# Mixing bricks



## JBM (Mar 31, 2011)

In the upcoming months I will be on a house and the owner is looking to recreate something antique without using a used brick. He isnt biting on the Cambridge tumbled that I showed him (my all time favorite brick) and he didnt bite on the morins. 

He has come back to Old Virginia twice now so he sees something he likes. His latest is he is looking to mix the red's found here http://www.oldvirginiabrick.com/brick/wood_moulded.html

Anyone have any input, what would be a good mix do you think? Were talking about 3k brick for the 2 chimneys and fireplaces going up through the inside of the house. One fireplace will have a woodbox and bread oven so needless to say were looking for an old or antique look.


----------



## brickhook (May 8, 2012)

I've laid a bunch of Old Virginia. Old Williamsburg is some beautiful brick. I think no matter what you choose with Old Virginia, you can't go wrong. :thumbsup:


----------



## fjn (Aug 17, 2011)

brickhook said:


> I've laid a bunch of Old Virginia.
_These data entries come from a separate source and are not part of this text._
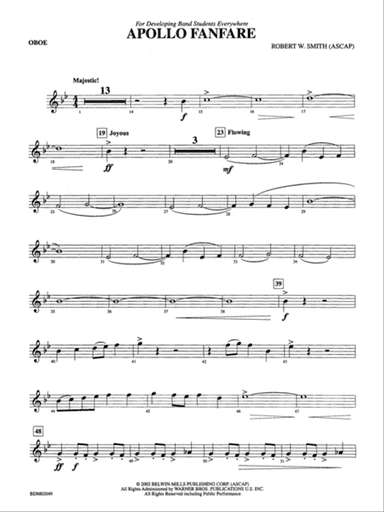 Apollo Fanfare: Oboe
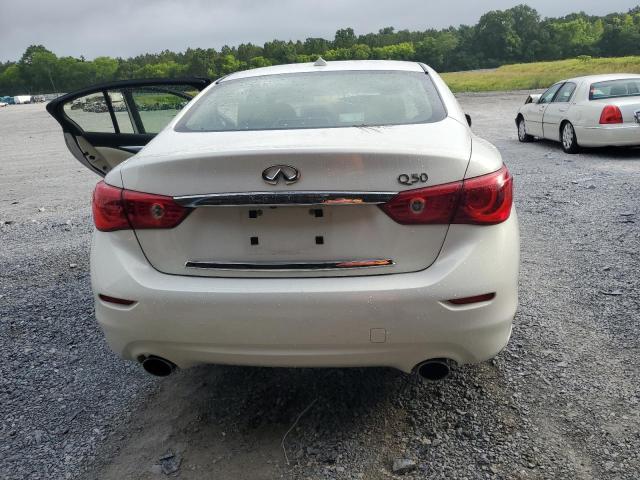 JN1BV7AP0EM683061 - 2014 INFINITI Q50 BASE WHITE photo 6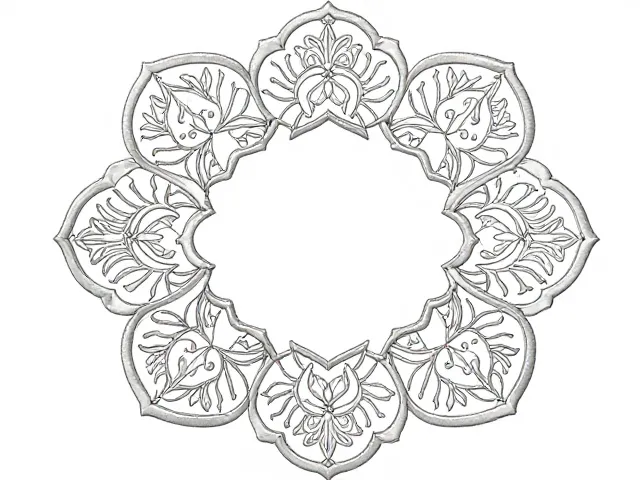 花鸟刺绣非遗纹样香囊荷包制作，花瓣层次练习指南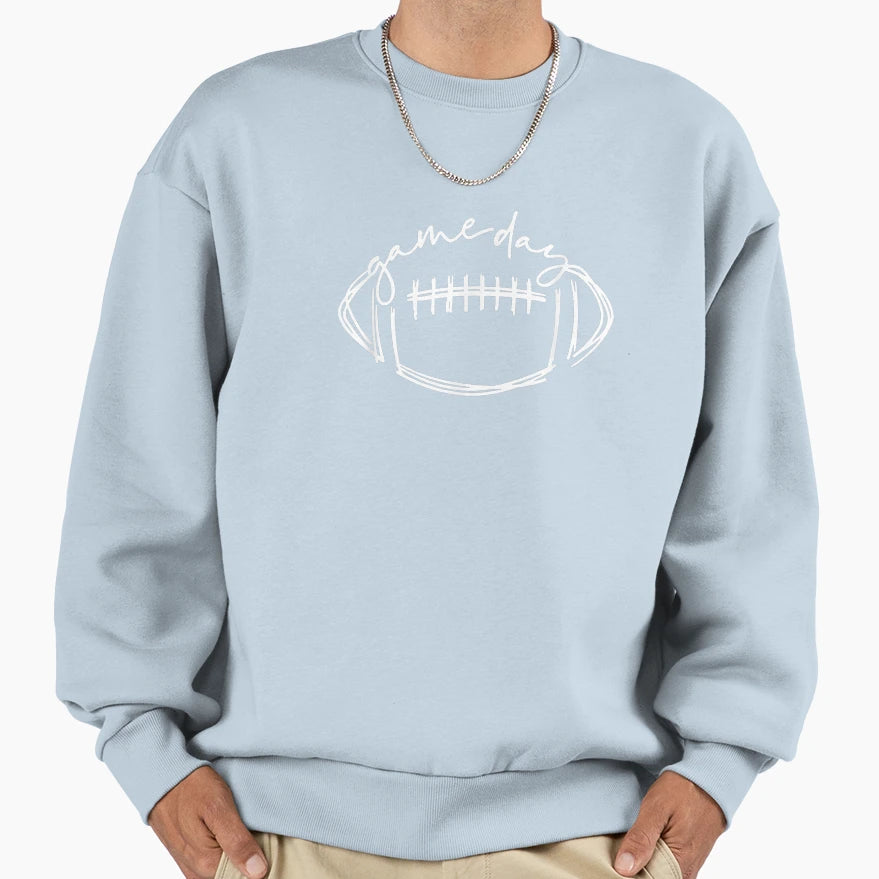 Game Day Football Lover Football T-Shirt - Casual Everyday Wear for Adults - T-Shirt, Sweatshirt, Hoodie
Old Williamsburg is some beautiful brick. I think no matter what you choose with Old Virginia, you can't go wrong. :thumbsup:





I could not agree with John more !

Another of my all time favorites are the Shenandoah and Victorian #104 from Cushwa Brick in Williamsport Md.:thumbsup:


----------



## dom-mas (Nov 26, 2011)

I'd do a 1/3:2/3's or even 25% 75%. Not sure If I'd do the lighter one or darker one more prominent. Probably the lighter one. Mock up time I guess.

Does look like nice brick


----------



## fjn (Aug 17, 2011)

Old Va. is literally in John's backyard. I definitely have laid a gazillion of them myself. I can vouch for them,in hot weather just dampen them a tad,in winter they lay up great also.They do not float and you can strike up nicely without camping out at quitting time to strike the last of the days work. 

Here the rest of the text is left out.